Your instructions » Once you have read the records below, restate them word for word.

Input »
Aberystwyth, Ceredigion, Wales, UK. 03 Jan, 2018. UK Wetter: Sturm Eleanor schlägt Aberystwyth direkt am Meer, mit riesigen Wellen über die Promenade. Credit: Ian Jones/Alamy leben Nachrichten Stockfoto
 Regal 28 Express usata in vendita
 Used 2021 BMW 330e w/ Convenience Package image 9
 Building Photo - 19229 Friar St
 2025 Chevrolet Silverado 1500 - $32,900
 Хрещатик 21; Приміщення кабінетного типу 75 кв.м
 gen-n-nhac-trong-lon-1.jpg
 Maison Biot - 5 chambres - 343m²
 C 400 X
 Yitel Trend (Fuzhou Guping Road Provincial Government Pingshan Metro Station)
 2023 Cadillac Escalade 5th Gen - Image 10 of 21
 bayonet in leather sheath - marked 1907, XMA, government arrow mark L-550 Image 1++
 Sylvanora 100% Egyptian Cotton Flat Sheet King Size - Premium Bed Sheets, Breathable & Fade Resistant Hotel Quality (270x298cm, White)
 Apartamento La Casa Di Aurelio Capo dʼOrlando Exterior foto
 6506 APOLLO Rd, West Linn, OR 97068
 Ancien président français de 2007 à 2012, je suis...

Solution for this exercise »
Aberystwyth, Ceredigion, Wales, UK. 03 Jan, 2018. UK Wetter: Sturm Eleanor schlägt Aberystwyth direkt am Meer, mit riesigen Wellen über die Promenade. Credit: Ian Jones/Alamy leben Nachrichten Stockfoto
 Regal 28 Express usata in vendita
 Used 2021 BMW 330e w/ Convenience Package image 9
 Building Photo - 19229 Friar St
 2025 Chevrolet Silverado 1500 - $32,900
 Хрещатик 21; Приміщення кабінетного типу 75 кв.м
 gen-n-nhac-trong-lon-1.jpg
 Maison Biot - 5 chambres - 343m²
 C 400 X
 Yitel Trend (Fuzhou Guping Road Provincial Government Pingshan Metro Station)
 2023 Cadillac Escalade 5th Gen - Image 10 of 21
 bayonet in leather sheath - marked 1907, XMA, government arrow mark L-550 Image 1++
 Sylvanora 100% Egyptian Cotton Flat Sheet King Size - Premium Bed Sheets, Breathable & Fade Resistant Hotel Quality (270x298cm, White)
 Apartamento La Casa Di Aurelio Capo dʼOrlando Exterior foto
 6506 APOLLO Rd, West Linn, OR 97068
 Ancien président français de 2007 à 2012, je suis...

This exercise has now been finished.